A Broken Heart Beats in Packrat

  • July 9, 2015, 9:22 a.m.
  • |
  • Public

Last night my dear, beloved companion M’ow went on to new adventures and left me behind to remember her. She had been with me since a kitten; she was 18 years old, almost 19.

Animals know, and there are usually signs of a pending farewell. Their behavior changes. Even my little “doctor” cat’s behavior changed; she started cuddling up to me, staying on my lap, sleeping with me, as if to try to buffer the heartache to come. I didn’t want to see that, didn’t want to think of saying good-bye to someone I love so much.

M’ow always had cattitude. She had been one of the first feral kittens to be born at the house. When I introduced kittens into the household, I’d have to catch them first, feed them on top of our washer to keep their food away from the dogs, and then they’d stay in my room until they and the dogs got used to the idea of other furry beings sharing living space.

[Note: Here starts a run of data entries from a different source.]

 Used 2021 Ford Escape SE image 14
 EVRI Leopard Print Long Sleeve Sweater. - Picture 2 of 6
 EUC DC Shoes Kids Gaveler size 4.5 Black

M’ow marched right in when the door opened, and after she ate she jumped from the washer and marched right into the living room to lay with the dogs.

She had a favorite dog and sat on the armrest to swat at anyone, human or canine, who bothered her dog.

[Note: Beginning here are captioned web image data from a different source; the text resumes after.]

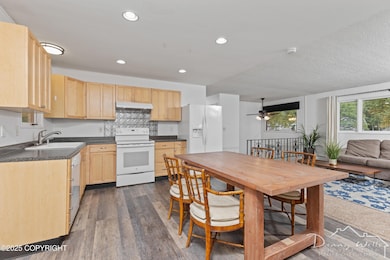 Kitchen-20250912-9070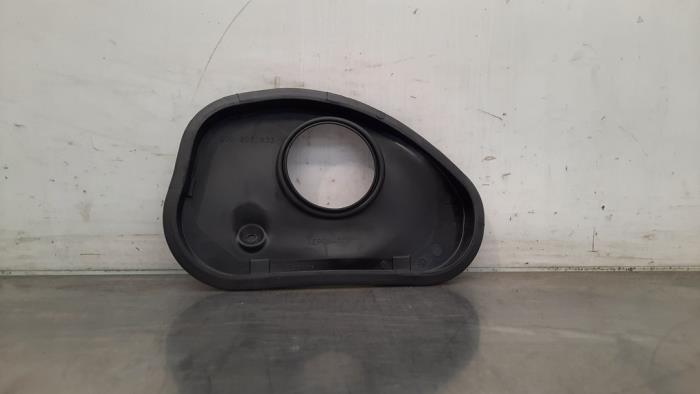 Fuel tank cap trim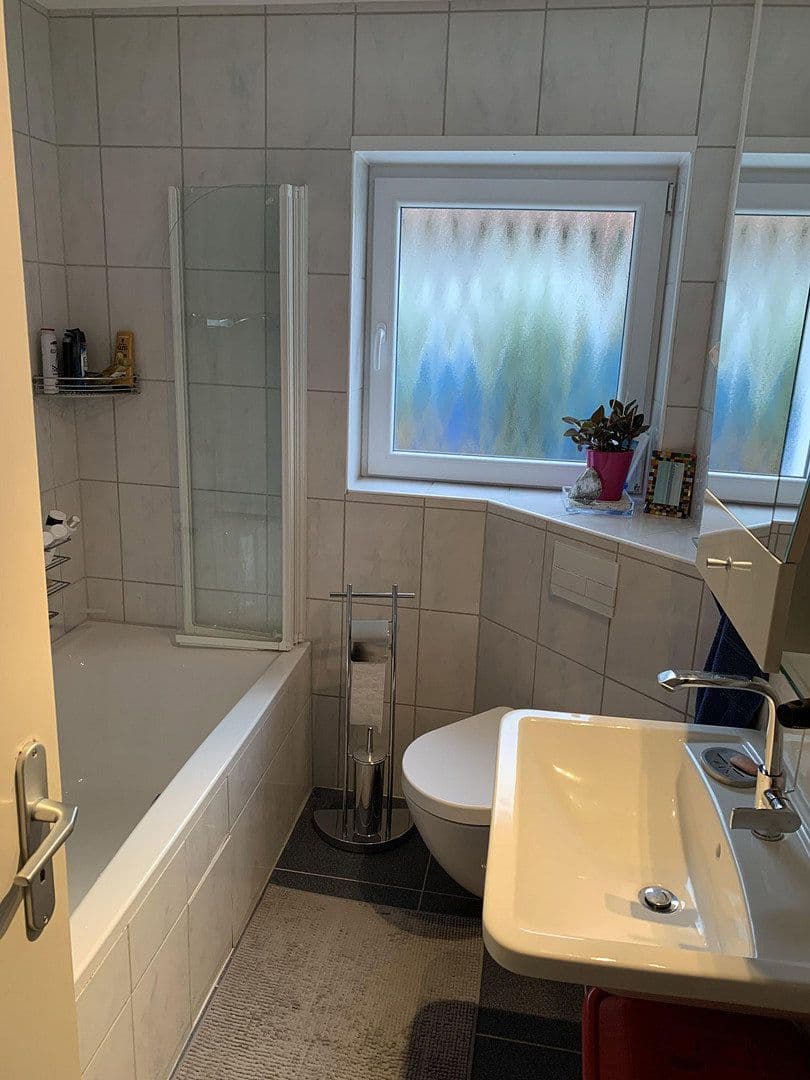 Prenájom bytu 4-izbový 110 m², Lingenfeld, Porýnie-Falcko Prenájom bytu 4-izbový 110 m², Lingenfeld, Porýnie-Falcko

She had a slight underbite that made her look slightly pouty, and she was the only cat I ever knew who could frown. She was loving on her own terms. Everybody used to say that the smallest being in the house (M’ow) was also the meanest, and she felt entitled to do whatever she wanted to do whenever she wanted to do it. I called her the little queen.

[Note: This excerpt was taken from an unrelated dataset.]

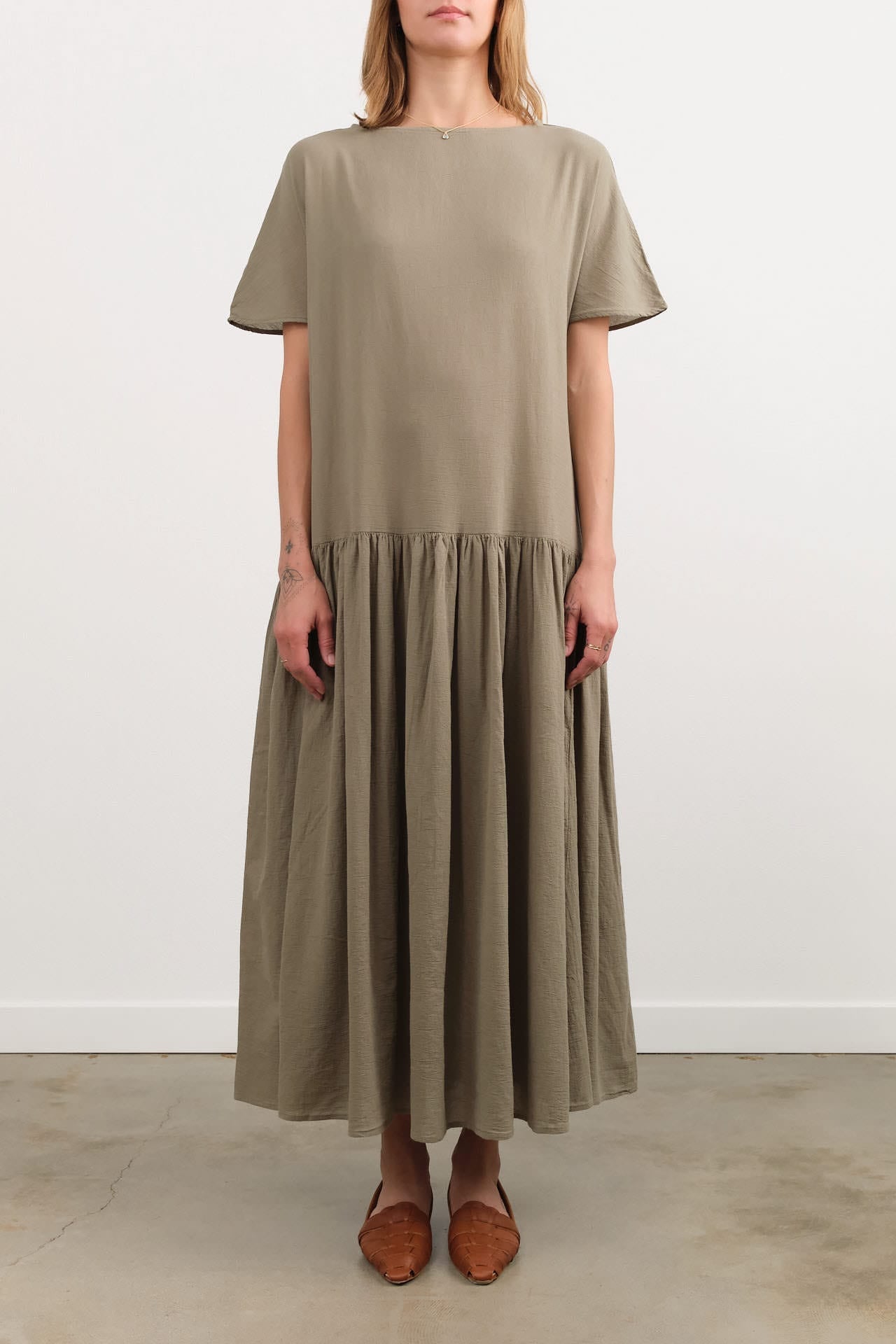 Black Crane Apparel Womens Dresses New Easy Dress in Cement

I’ve been called a princess so much that someone once asked how she was a queen while I’m just a princess, and I replied it’s because I know my place.

I acknowledged that it was her house and I was the help.

She was the first cat I ever kissed and the one who received most of them. Truth be told, she was my favorite; she was why others were taken in. Before her, they had been indoor and outdoor cats who grew to a certain age and then left; she had been an indoor and outdoor cat, but then I kept her indoors.

Now I don’t know how to function. She won’t be meowing for breakfast, dinner, or treats or for fresh water. She won’t be cuddling with me wherever I am, won’t be sleeping beside me at night. She won’t be waiting for me outside doorways. She was always with me, and now she’s not.

I buried her this morning and planted flowers on her grave. She finished this life; she has eight others, and I wish she’d spend them all with me.